**Work required**
Pictures aside, repeat the whole listing word for word.

**Data in this exercise**
********

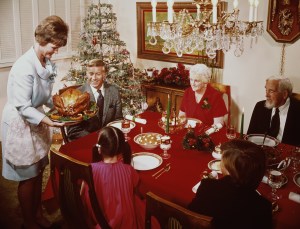 68/5000 Una foto de 1965 de una madre sirviendo un pavo a su familia en Navidad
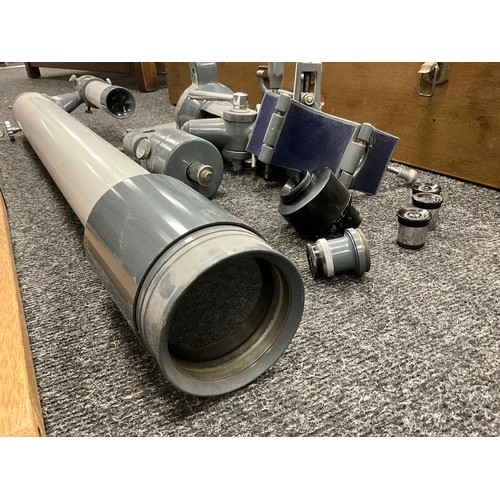 221 - A Greenkat Refractor Telescope, model number T-705, objective diameter 77mm, Focal length 1000mm, wi... 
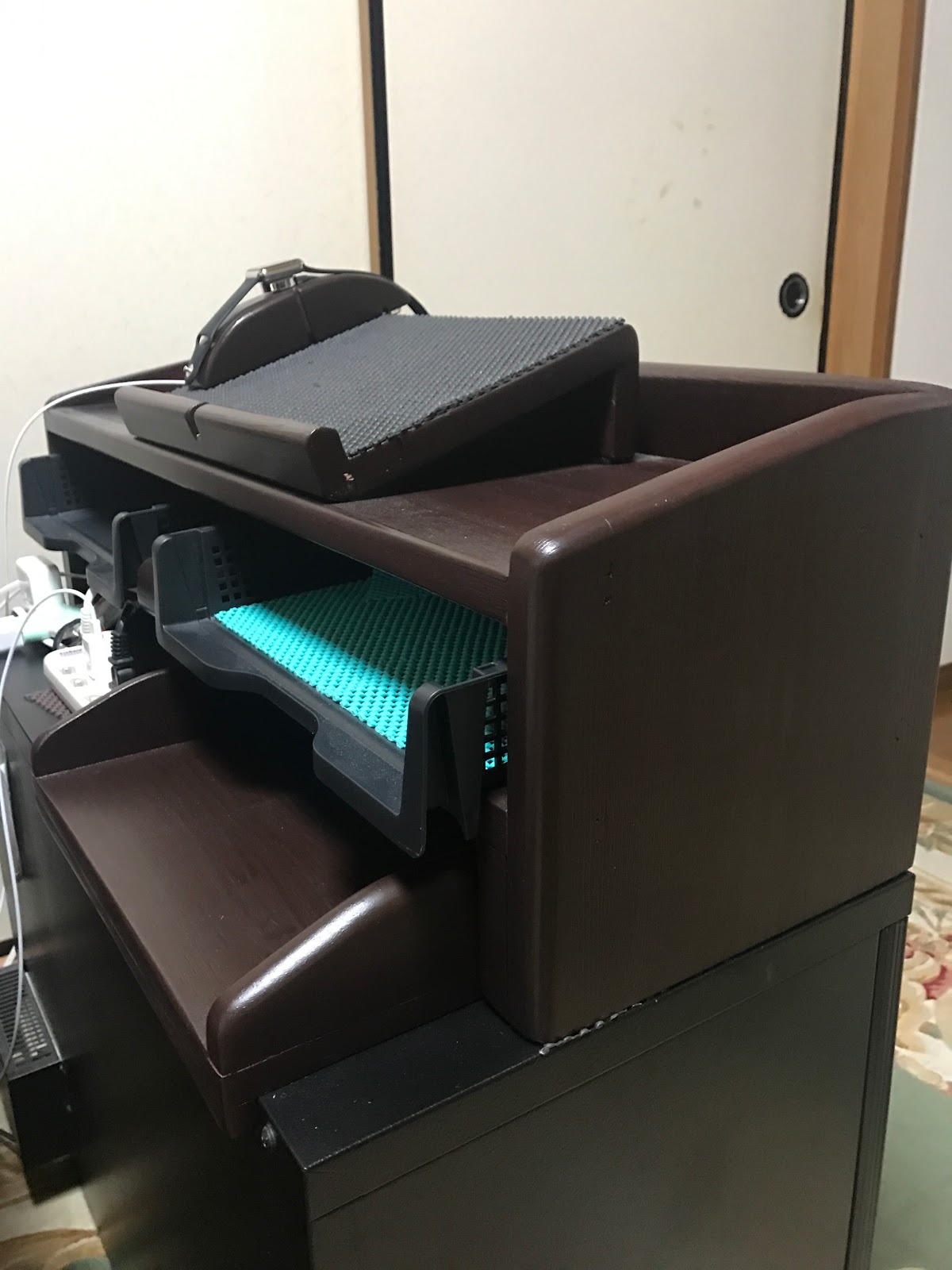 ・可動出来るトレイが付いていること。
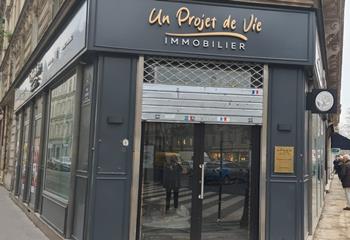 Local commercial à louer - Angle de rues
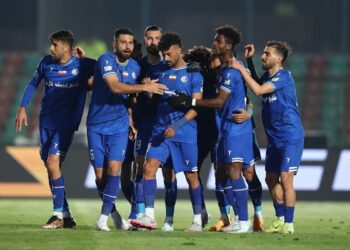 تغییر زمان بازی سپاهان – استقلال / ساعت دقیق اعلام شد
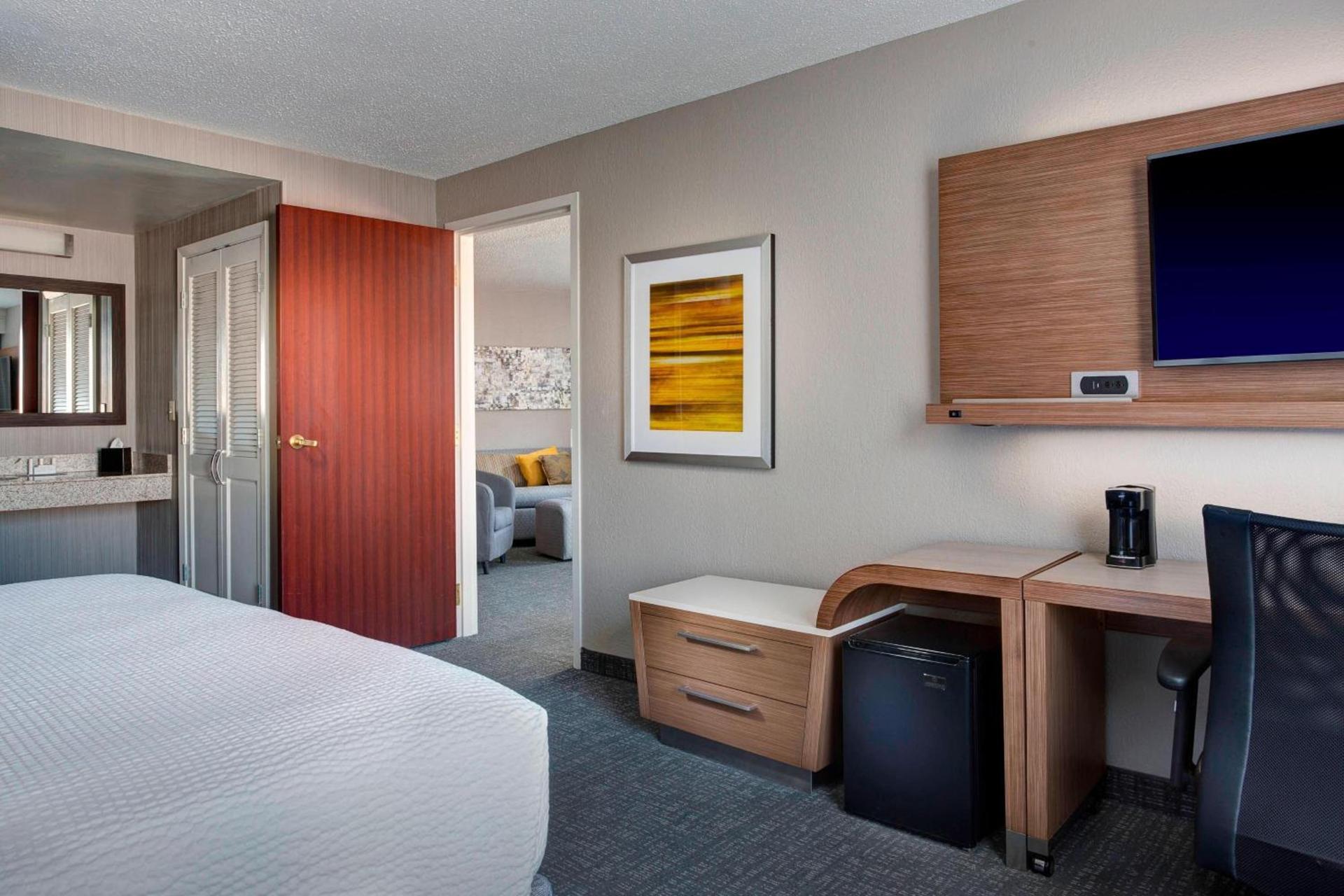 Courtyard by Marriott New Orleans Warehouse Arts District photo 15
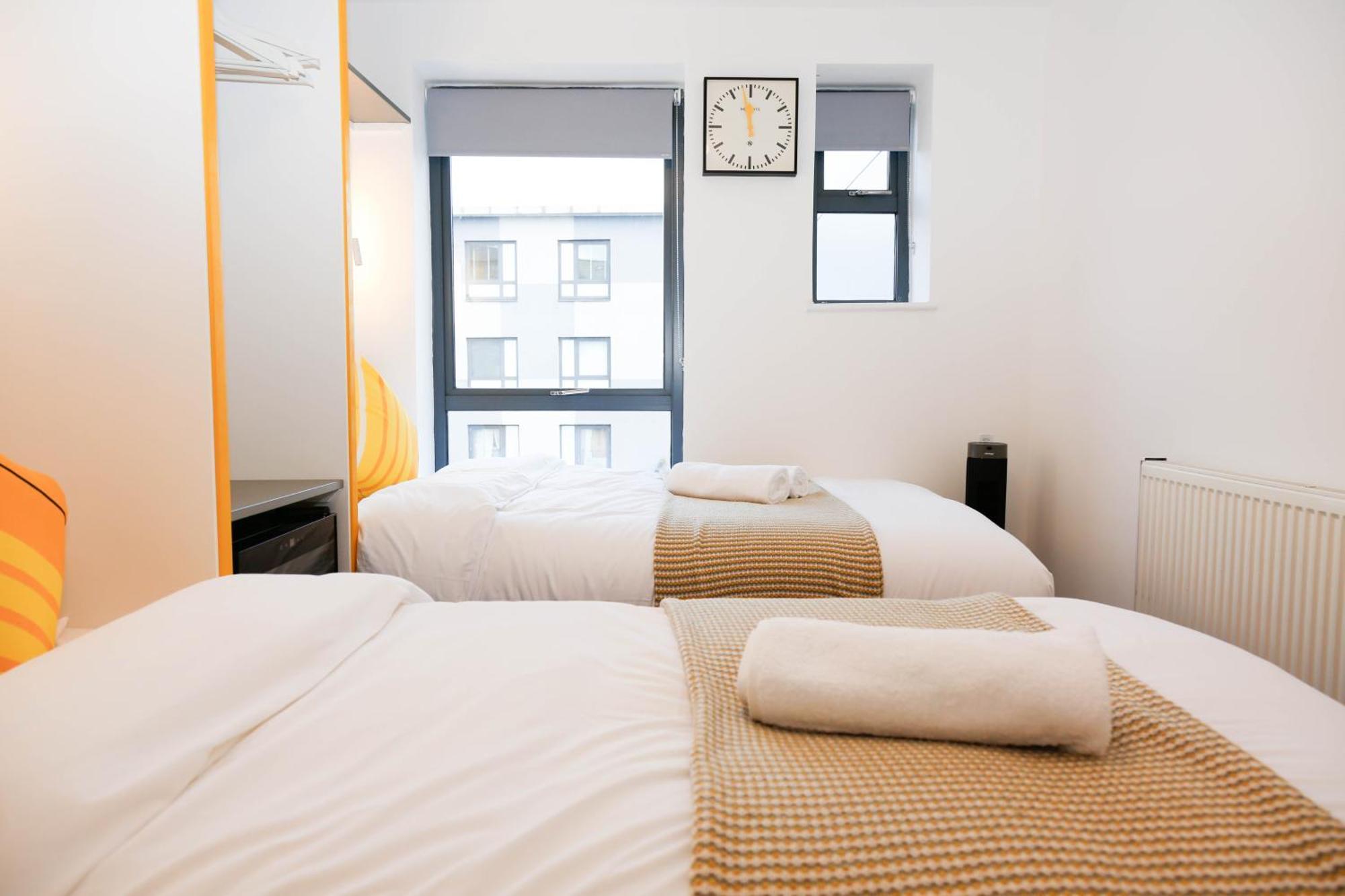 New Luxury Apartments In Central Location Next To Shops, Cafes, Bars & Metro Londyn Zewnętrze zdjęcie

********

**Task result**
 68/5000 Una foto de 1965 de una madre sirviendo un pavo a su familia en Navidad
 221 - A Greenkat Refractor Telescope, model number T-705, objective diameter 77mm, Focal length 1000mm, wi... 
 ・可動出来るトレイが付いていること。
 Local commercial à louer - Angle de rues
 تغییر زمان بازی سپاهان – استقلال / ساعت دقیق اعلام شد
 Courtyard by Marriott New Orleans Warehouse Arts District photo 15
 New Luxury Apartments In Central Location Next To Shops, Cafes, Bars & Metro Londyn Zewnętrze zdjęcie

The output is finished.